Monday, March 20, 2006

Back inside the box: A significant anniversary

Next month is the 50th anniversary of a truely significant economic event. On the 26th April, 1956, a converted tanker was loaded with 58 modified, 35 foot truck containers and sailed from Newark (NJ) to Houston (TX). It was significant for two reasons. First, the containers had been filled and sealed inland, loaded on trucks and loaded onto the deck of the ship without being refilled. Second, the whole process involved a single contract.

Thus began the containerisation revolution. Malcolm McLean who bet his trucking fortune on this founded Sealand; the major cargo shipping company of the next 50 years.

I became interested in the container as an innovation about 15 years ago when sitting in class taught by Nathan Rosenberg (on the history of innovation). He commented on the widespread impact of containerisation but the fact that the innovation was simple; "just a box." I was sceptical that simplicity could lead to such revolution and set out to investigate.

The results of my investigation were published in 1995 in Prometheus. Here is a link to the paper. And the answer: well it wasn't so simple. There was alot to do to make containerisation profitable. Ships had to be redesigned (the first was introduced in Australia in 1964). Contracts had to be re-written. Ports need overhauling. Unions needed busting. Logistics and reinforced steel had to be invented. And finally, a tipping point had to be reached. So it wasn't "just a box" at all.

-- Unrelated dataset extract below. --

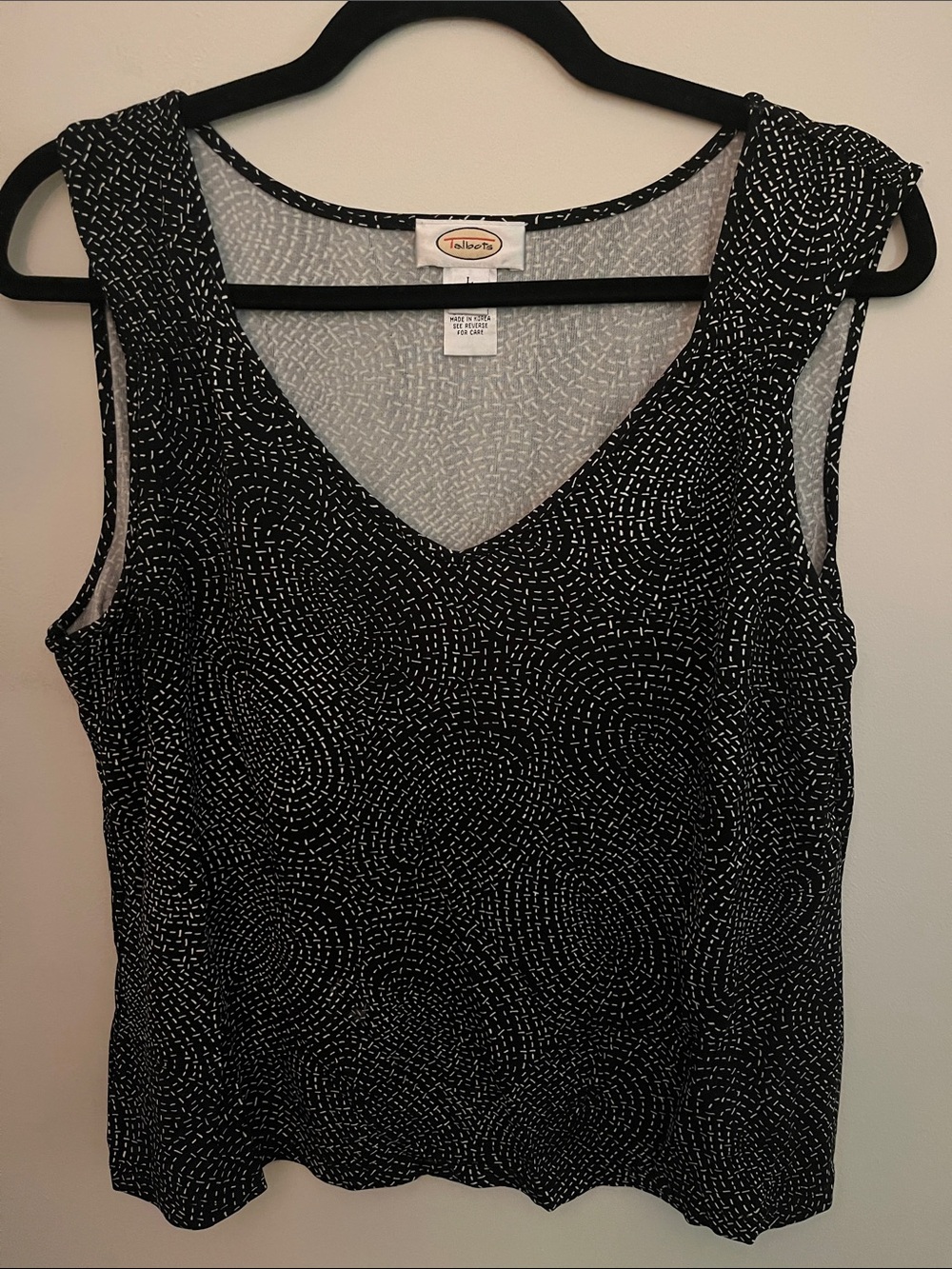 Talbots Black and White Swirl V-Neck Tank Sz L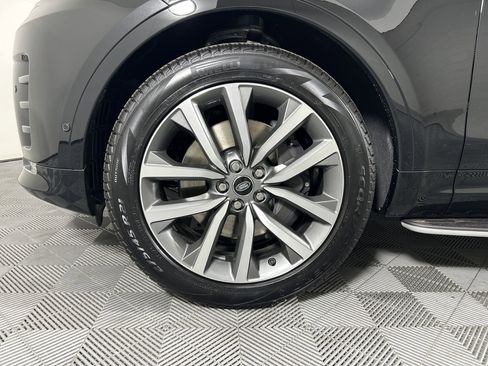 New 2025 Land Rover Discovery Dynamic SE image 9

When I wrote my paper, not much had been written about the container. It took me a little time to attribute the whole innovation to Malcolm McLean. Next month a new history by Marc Levinson, The Box: How the Shipping Container Made the World Smaller and the World Economy Bigger, will be published by Princeton University Press. I can't wait.

1 comment:

Anonymous said...

And today's Economic Scene in the New York Times also covers the book.